Government is the main health insurer in New Zealand. It could have said: ‘it’s your choice but there’s a cost to a hospital bed, so if you save us money by getting vaccinated, we’ll give you $250 back.’ That would have been far more civilized than what they actually said ‘if you

don’t we’ll marginalize you from society.’ Alas, Jacinda didn’t take up ACT’s vax tax credit suggestion.

Had Government worked hard to make vaccination available while respecting that the ultimate choice lay with the citizen, the protest would not have happened.

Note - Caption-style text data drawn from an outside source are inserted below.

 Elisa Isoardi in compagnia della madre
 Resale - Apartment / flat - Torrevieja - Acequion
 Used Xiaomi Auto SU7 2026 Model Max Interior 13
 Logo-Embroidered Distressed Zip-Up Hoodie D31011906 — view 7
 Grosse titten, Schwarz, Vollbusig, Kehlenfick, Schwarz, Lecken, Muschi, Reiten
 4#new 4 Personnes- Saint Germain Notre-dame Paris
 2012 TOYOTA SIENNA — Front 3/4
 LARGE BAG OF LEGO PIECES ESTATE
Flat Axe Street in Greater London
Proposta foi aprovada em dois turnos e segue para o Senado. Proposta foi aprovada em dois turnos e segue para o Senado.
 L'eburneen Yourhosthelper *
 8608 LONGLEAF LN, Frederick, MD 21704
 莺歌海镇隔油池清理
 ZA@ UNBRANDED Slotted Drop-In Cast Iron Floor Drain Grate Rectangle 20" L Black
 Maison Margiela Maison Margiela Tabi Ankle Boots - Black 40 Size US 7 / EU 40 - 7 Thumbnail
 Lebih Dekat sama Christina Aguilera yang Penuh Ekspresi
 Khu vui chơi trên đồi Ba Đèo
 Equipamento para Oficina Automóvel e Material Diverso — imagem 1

All of this still matters because something like it will happen again in our lifetimes. If the Government dealt with the difficult problems it faced starting from a belief in limited Government and individual choice, it could have achieved high levels of vaccination without ostracizing the people. These lessons are important for anyone who never wants to see the kind of division and despair that climaxed last March ever again.

ACT is a party that believes in an individual’s freedom of choice and minimal government intervention. Labour’s legislative overreach led to mandates and ostracism and the divisions that have hugely impacted our previously civil society.

If ACT has a say in the future of New Zealand this article is our promise that this overreach and the blunt medical mandates that came with it will never happen again.